[Physics] Question on Total, Orbital and Spin Angular momentum

angular momentumquantum mechanics

I am reading about the total, orbital and spin angular momentum, and I am not clear as to what these generators actually do after exponentiating.

Could you give me a physical picture of what happens to the quantum set, after being acted upon by the operator obtained after exponentiating these?

For example does the total angular momentum rotate the ket in a circle, about the normal? What about the other two?

Best Answer

Did you try the wikipedia article about angular momentum operators?

Different rotation operators

The arrows schematically represent the internal state of the particle (its spin state). The blue and red dots represent two particles at different locations. Or, if you prefer, it could be two parts of the wavefunction of a single particle, with blue meaning negative phase and red meaning positive phase.
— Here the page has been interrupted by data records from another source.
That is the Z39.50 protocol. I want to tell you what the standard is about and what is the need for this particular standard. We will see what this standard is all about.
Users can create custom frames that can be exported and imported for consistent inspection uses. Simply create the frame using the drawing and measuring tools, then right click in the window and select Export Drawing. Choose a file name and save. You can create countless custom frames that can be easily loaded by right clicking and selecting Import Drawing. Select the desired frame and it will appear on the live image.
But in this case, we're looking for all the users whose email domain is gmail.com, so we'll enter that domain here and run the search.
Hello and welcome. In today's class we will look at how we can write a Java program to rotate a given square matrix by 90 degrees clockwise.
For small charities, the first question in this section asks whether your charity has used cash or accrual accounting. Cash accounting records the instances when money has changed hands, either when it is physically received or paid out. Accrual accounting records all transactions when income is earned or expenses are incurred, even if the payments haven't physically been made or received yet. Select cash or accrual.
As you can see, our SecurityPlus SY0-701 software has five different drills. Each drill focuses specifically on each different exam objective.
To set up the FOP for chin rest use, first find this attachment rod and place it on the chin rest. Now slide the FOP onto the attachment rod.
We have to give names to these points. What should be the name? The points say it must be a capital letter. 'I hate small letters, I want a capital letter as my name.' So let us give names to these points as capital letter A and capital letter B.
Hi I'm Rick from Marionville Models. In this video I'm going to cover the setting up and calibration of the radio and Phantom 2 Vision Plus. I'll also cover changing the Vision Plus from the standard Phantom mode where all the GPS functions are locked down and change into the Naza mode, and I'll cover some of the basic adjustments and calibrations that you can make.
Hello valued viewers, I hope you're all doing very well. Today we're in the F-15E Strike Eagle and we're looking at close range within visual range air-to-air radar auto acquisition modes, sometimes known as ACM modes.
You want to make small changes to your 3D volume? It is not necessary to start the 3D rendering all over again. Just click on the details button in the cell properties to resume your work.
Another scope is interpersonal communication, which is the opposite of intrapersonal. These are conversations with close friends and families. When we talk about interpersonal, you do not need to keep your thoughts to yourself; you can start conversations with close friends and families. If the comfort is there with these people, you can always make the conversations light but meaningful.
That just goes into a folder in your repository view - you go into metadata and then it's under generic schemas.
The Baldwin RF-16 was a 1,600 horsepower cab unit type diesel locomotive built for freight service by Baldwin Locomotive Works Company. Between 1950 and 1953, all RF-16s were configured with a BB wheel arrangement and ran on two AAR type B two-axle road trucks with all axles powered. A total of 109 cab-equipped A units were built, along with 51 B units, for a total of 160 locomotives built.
When you exponentiate Jz (the total angular momentum operator), you get real-world rotation about the z axis -- part A in the figure. The whole system and everything in it is rotated.

When you exponentiate Lz (the orbital angular momentum operator), you get "spatial-only" rotation about the z axis -- part B in the figure. The positions of particles get rotated but their spin states stay exactly the same.

When you exponentiate Sz (the spin operator), you get "internal-only" rotation about the z axis -- part C in the figure. The internal state of the particle is rotated, but the particle itself stays in the same place.

By the way, you should avoid phrases like "ket changes direction" and "rotate the ket". You're thinking about rotation in real three-dimensional space, but the ket is not an object in real three-dimensional space. The phrase "rotate the ket" sort of works for a spin-1/2 particle at a single point, but anyway using that phrase is a very bad habit.